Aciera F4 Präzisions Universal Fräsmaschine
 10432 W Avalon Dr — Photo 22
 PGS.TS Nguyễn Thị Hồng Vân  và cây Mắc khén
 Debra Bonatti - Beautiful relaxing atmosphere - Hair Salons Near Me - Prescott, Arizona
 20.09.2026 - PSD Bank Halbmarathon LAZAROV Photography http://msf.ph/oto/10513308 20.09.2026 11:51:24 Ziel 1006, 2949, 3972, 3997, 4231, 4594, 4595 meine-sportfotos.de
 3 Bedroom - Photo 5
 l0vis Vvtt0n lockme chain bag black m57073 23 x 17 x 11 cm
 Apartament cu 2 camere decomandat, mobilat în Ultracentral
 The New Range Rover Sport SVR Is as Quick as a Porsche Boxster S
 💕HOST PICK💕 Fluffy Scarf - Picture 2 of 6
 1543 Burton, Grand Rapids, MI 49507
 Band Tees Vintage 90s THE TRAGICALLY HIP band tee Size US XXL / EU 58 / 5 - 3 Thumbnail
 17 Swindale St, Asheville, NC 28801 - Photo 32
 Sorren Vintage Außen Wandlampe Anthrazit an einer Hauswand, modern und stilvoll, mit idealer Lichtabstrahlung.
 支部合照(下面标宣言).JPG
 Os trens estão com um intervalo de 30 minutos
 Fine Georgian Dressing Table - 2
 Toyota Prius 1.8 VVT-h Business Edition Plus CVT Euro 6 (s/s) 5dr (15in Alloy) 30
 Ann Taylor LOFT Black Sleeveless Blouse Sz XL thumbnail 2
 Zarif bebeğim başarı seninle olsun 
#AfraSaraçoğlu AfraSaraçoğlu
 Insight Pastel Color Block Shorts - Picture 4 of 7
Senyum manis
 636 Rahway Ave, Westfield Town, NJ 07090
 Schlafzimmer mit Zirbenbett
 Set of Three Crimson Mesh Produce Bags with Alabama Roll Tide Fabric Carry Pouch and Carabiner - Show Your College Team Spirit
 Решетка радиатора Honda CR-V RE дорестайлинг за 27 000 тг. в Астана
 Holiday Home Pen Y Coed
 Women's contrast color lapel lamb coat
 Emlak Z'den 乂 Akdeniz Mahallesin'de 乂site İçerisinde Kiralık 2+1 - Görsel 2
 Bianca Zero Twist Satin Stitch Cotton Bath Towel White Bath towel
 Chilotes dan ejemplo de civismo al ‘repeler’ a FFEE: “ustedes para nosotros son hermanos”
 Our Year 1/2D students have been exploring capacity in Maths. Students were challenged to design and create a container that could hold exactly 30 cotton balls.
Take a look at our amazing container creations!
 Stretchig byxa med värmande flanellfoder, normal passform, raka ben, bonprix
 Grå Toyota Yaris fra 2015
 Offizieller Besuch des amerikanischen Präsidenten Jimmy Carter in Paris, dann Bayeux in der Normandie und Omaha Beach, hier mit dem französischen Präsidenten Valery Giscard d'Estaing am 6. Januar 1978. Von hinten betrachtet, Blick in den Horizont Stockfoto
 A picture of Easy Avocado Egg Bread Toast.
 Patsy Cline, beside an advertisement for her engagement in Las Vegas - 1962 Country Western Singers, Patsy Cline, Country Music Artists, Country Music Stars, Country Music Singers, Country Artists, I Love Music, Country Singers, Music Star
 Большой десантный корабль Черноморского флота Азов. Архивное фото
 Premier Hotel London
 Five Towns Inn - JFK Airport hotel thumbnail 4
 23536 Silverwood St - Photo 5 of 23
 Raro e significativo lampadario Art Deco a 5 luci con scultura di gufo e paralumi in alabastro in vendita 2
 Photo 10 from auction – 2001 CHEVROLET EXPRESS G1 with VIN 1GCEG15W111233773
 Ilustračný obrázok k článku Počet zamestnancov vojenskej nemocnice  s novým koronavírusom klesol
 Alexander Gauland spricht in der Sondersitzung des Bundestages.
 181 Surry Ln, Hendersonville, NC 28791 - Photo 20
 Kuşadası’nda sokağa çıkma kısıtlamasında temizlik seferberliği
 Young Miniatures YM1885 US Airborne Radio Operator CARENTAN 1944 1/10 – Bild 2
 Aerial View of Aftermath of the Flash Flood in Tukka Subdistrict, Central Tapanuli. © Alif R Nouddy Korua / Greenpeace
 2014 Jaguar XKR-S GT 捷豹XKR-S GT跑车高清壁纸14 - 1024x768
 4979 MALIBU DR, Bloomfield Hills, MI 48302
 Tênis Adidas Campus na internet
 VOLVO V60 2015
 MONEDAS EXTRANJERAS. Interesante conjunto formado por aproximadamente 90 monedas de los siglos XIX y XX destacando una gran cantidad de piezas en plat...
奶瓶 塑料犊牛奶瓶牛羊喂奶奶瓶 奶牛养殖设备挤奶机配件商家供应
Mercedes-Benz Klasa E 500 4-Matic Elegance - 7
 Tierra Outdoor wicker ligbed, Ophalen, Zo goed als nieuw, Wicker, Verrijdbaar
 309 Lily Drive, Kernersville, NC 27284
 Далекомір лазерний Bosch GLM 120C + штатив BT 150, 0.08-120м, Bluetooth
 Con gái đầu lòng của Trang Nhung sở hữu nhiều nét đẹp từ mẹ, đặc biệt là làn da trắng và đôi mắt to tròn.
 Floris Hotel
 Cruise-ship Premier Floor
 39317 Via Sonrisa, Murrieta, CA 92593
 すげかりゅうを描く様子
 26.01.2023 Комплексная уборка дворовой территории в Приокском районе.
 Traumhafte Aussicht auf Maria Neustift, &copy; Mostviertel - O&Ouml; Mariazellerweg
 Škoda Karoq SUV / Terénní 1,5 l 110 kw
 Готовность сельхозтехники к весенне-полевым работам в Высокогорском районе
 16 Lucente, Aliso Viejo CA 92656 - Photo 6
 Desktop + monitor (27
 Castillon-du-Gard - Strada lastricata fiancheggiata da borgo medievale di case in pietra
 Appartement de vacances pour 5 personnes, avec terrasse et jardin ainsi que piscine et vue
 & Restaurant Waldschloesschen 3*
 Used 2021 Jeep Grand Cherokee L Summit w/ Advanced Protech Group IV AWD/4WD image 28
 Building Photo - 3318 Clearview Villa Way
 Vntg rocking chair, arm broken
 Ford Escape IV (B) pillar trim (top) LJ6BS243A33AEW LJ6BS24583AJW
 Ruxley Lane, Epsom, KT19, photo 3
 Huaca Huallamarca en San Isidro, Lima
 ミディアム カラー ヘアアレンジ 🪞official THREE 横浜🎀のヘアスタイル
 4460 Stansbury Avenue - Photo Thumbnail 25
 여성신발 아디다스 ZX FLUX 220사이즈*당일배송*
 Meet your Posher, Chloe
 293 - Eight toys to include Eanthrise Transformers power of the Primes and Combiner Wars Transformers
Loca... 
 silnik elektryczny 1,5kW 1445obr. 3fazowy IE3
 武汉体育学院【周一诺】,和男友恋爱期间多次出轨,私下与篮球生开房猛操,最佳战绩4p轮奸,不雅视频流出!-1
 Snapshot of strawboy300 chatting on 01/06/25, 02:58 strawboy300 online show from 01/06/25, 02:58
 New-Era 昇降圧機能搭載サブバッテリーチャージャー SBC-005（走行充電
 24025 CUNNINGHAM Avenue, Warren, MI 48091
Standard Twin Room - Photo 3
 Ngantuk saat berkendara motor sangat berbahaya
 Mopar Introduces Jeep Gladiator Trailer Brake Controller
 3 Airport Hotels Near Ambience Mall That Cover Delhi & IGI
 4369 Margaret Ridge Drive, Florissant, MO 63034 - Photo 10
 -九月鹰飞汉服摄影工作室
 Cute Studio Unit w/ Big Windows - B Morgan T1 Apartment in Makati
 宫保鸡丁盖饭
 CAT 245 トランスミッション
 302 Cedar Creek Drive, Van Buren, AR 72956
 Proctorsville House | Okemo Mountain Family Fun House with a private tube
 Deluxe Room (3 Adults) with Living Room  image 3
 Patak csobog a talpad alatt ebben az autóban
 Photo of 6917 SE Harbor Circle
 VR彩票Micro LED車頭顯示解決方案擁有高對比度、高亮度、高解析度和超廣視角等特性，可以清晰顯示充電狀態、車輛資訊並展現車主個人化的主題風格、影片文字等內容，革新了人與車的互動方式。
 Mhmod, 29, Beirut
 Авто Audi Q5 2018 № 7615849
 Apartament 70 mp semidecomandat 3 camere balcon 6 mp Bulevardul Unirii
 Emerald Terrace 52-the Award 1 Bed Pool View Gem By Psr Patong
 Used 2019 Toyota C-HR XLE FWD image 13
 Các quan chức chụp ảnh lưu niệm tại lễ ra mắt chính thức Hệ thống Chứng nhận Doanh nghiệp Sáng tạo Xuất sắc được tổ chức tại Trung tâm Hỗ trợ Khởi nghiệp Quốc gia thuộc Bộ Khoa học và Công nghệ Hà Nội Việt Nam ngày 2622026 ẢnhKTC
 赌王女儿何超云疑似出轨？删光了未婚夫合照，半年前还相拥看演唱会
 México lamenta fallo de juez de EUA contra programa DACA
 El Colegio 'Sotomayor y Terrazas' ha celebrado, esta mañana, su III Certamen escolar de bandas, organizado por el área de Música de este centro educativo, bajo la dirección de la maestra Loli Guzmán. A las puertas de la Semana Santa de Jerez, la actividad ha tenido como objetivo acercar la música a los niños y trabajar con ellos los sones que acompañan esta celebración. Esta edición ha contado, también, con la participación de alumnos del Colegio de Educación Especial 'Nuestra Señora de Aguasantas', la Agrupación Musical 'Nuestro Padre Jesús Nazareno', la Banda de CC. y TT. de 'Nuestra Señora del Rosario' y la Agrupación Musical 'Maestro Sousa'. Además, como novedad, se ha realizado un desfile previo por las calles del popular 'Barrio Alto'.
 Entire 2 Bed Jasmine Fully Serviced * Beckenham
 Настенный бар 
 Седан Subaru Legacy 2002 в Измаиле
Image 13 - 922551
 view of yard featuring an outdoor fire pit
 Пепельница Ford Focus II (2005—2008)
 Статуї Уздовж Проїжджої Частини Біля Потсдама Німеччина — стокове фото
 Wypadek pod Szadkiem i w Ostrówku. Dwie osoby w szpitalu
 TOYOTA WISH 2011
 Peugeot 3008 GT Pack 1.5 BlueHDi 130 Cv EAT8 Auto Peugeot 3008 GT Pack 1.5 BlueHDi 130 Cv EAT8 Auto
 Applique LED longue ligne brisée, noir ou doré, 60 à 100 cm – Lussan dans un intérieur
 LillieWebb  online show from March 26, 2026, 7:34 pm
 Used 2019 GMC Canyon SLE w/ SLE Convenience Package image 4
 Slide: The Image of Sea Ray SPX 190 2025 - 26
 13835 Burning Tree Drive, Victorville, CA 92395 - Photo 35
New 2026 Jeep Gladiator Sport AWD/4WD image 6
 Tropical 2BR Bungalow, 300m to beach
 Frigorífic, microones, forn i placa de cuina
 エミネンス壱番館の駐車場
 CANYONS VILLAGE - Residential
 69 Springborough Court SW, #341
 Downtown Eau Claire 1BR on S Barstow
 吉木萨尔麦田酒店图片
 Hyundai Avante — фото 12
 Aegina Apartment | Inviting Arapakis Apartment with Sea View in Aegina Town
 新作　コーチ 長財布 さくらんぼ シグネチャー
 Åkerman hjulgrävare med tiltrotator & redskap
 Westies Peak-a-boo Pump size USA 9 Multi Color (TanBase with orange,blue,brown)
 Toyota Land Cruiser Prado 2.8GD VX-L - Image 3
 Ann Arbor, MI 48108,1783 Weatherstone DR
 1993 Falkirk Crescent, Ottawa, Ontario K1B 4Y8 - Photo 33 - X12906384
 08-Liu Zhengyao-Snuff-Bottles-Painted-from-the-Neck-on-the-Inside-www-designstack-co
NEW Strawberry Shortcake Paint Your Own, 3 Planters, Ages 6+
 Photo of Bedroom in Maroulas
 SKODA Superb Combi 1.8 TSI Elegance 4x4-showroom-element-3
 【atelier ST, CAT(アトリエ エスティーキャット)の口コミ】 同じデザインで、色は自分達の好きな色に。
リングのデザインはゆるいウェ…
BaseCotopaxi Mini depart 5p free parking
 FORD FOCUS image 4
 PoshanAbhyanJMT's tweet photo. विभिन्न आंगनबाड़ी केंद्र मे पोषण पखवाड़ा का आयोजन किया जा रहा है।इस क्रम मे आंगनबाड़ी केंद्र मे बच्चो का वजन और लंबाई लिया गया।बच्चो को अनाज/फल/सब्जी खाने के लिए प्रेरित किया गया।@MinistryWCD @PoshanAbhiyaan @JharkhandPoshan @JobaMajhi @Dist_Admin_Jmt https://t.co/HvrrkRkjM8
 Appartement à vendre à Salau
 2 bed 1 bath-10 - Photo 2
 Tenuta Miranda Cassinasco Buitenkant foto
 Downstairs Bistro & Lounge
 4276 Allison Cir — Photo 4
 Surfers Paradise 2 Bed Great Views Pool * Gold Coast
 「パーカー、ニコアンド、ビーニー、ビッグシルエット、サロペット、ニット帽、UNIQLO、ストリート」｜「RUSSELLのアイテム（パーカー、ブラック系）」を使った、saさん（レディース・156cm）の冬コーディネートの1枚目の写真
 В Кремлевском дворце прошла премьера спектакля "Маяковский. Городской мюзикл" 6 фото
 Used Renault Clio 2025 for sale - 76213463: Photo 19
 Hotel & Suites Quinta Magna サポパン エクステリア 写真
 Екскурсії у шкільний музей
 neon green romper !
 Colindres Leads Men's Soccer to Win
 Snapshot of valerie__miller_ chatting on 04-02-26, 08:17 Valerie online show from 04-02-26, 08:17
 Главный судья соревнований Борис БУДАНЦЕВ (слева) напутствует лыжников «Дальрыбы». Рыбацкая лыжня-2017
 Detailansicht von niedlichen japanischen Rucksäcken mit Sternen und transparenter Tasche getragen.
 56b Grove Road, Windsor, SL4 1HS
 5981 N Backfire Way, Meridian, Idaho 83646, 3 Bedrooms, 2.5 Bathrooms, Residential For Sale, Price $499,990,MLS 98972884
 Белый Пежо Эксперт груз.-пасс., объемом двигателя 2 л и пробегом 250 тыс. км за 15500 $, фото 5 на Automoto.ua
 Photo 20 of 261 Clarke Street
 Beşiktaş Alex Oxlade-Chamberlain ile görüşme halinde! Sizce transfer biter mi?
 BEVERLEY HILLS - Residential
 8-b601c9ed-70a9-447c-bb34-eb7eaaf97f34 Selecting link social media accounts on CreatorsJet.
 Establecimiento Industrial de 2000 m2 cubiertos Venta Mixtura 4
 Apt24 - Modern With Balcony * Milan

******

Would you copy out exactly the lines above that start at the one containing "10432 W Avalon Dr — Photo 22" and end at the one containing "Set of Three", inclusive?

*Written solution:*
 10432 W Avalon Dr — Photo 22
 PGS.TS Nguyễn Thị Hồng Vân  và cây Mắc khén
 Debra Bonatti - Beautiful relaxing atmosphere - Hair Salons Near Me - Prescott, Arizona
 20.09.2026 - PSD Bank Halbmarathon LAZAROV Photography http://msf.ph/oto/10513308 20.09.2026 11:51:24 Ziel 1006, 2949, 3972, 3997, 4231, 4594, 4595 meine-sportfotos.de
 3 Bedroom - Photo 5
 l0vis Vvtt0n lockme chain bag black m57073 23 x 17 x 11 cm
 Apartament cu 2 camere decomandat, mobilat în Ultracentral
 The New Range Rover Sport SVR Is as Quick as a Porsche Boxster S
 💕HOST PICK💕 Fluffy Scarf - Picture 2 of 6
 1543 Burton, Grand Rapids, MI 49507
 Band Tees Vintage 90s THE TRAGICALLY HIP band tee Size US XXL / EU 58 / 5 - 3 Thumbnail
 17 Swindale St, Asheville, NC 28801 - Photo 32
 Sorren Vintage Außen Wandlampe Anthrazit an einer Hauswand, modern und stilvoll, mit idealer Lichtabstrahlung.
 支部合照(下面标宣言).JPG
 Os trens estão com um intervalo de 30 minutos
 Fine Georgian Dressing Table - 2
 Toyota Prius 1.8 VVT-h Business Edition Plus CVT Euro 6 (s/s) 5dr (15in Alloy) 30
 Ann Taylor LOFT Black Sleeveless Blouse Sz XL thumbnail 2
 Zarif bebeğim başarı seninle olsun 
#AfraSaraçoğlu AfraSaraçoğlu
 Insight Pastel Color Block Shorts - Picture 4 of 7
Senyum manis
 636 Rahway Ave, Westfield Town, NJ 07090
 Schlafzimmer mit Zirbenbett
 Set of Three Crimson Mesh Produce Bags with Alabama Roll Tide Fabric Carry Pouch and Carabiner - Show Your College Team Spirit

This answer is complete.